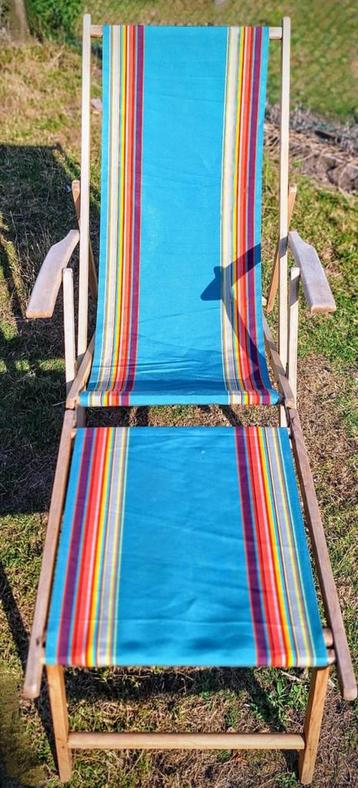 Vintage  strandstoelen / ligstoelen beschikbaar voor biedingen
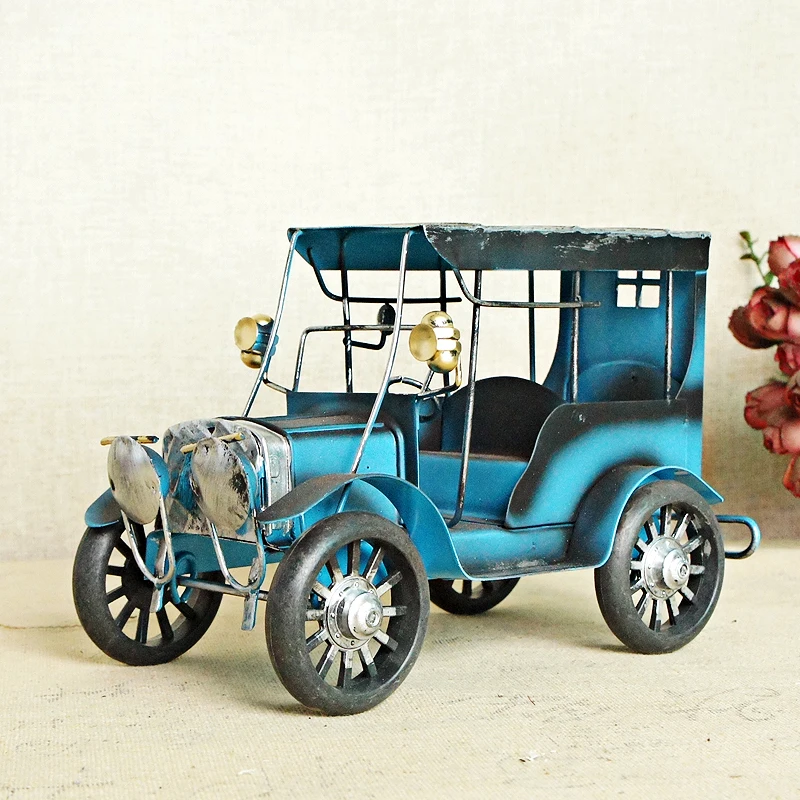 New Classical Nostalgic Iron Model Metal Cabinet Bookshelf TV Cabinet Vintage Car Model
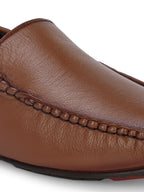 Men Textured Leather Loafer Shoes
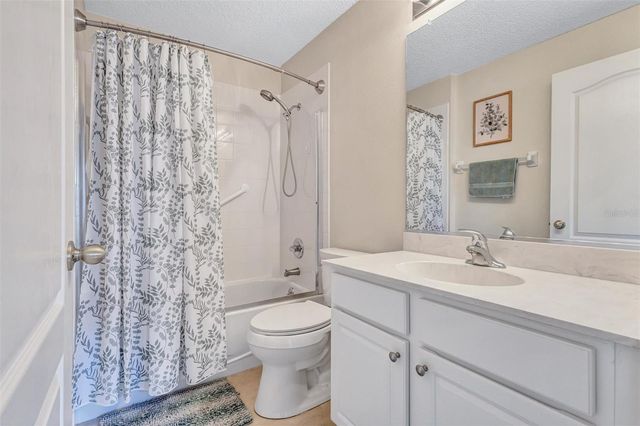 2215 WORTHINGTON GREENS DRIVE 20, Sun City Center, FL 33573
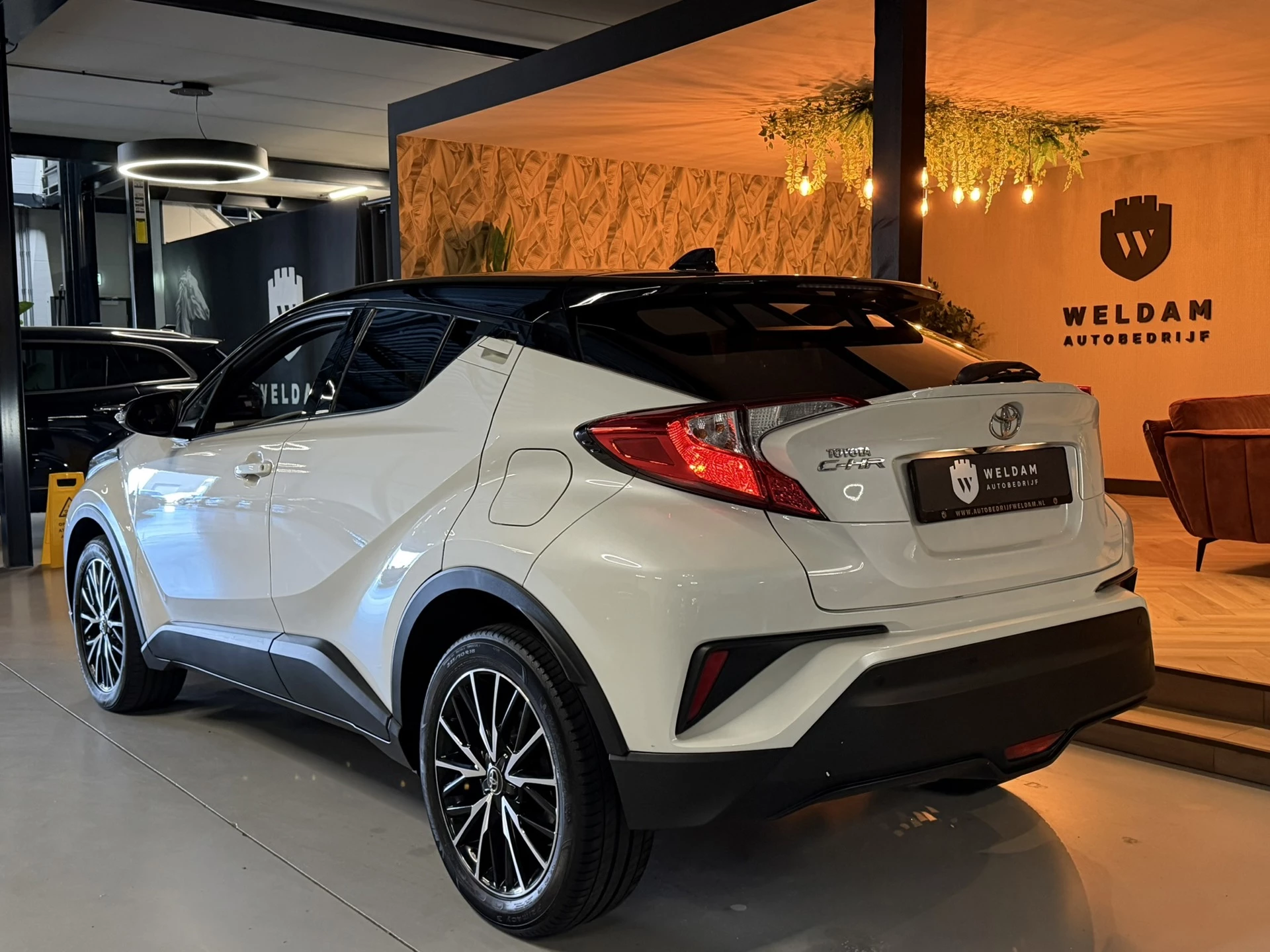 Hoofdafbeelding Toyota C-HR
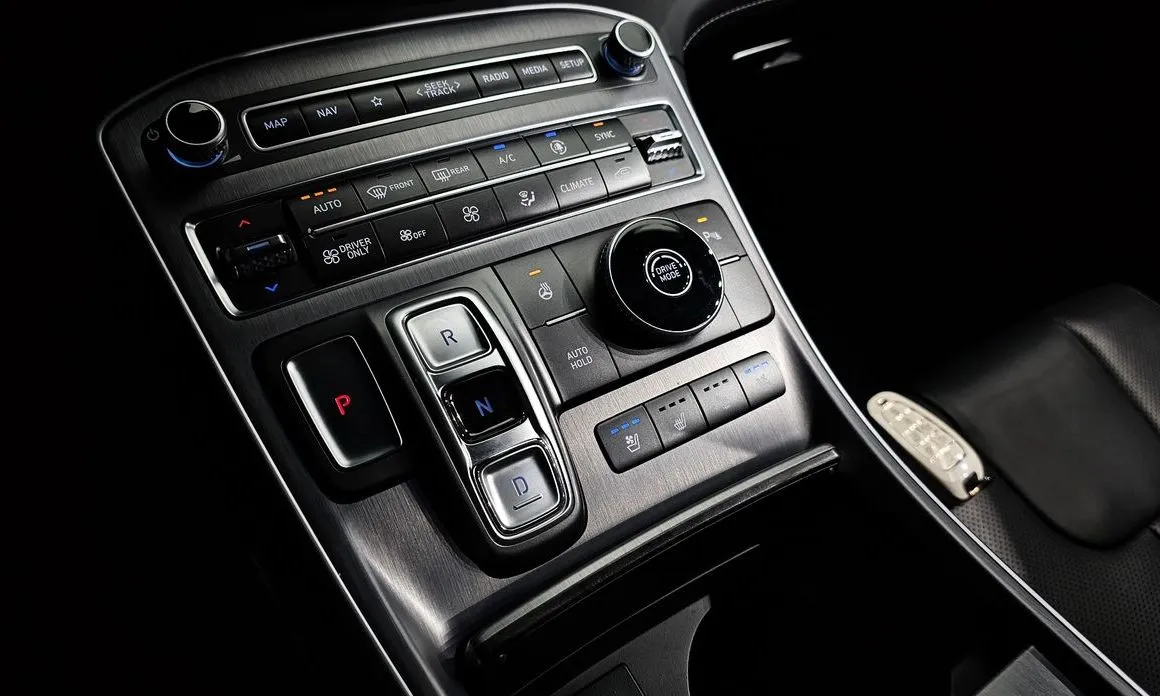 Hyundai Santafe — фото 5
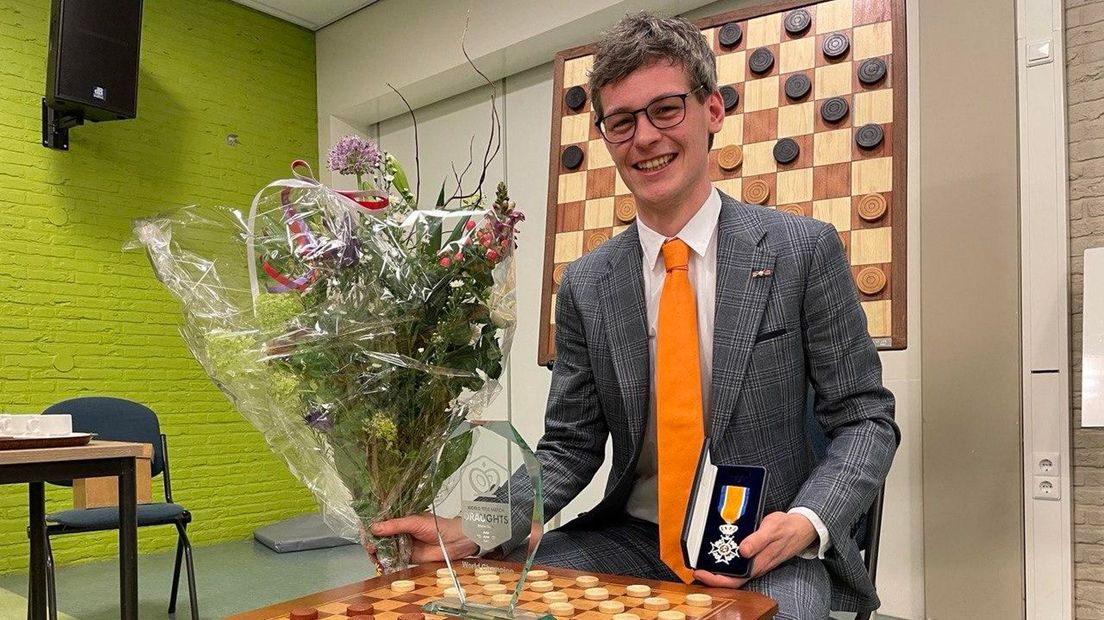 Damclub Hijken DTC huldigt wereldkampioen Roel Boomstra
━━━━━━━━━━━━━━━━
▶ _WHAT NEEDS TO BE DONE_: Restate, word for word, the entries above, dropping any picture.

▶ _ANSWER SECTION_:
 Vintage  strandstoelen / ligstoelen beschikbaar voor biedingen
 New Classical Nostalgic Iron Model Metal Cabinet Bookshelf TV Cabinet Vintage Car Model
 Men Textured Leather Loafer Shoes
 2215 WORTHINGTON GREENS DRIVE 20, Sun City Center, FL 33573
 Hoofdafbeelding Toyota C-HR
 Hyundai Santafe — фото 5
 Damclub Hijken DTC huldigt wereldkampioen Roel Boomstra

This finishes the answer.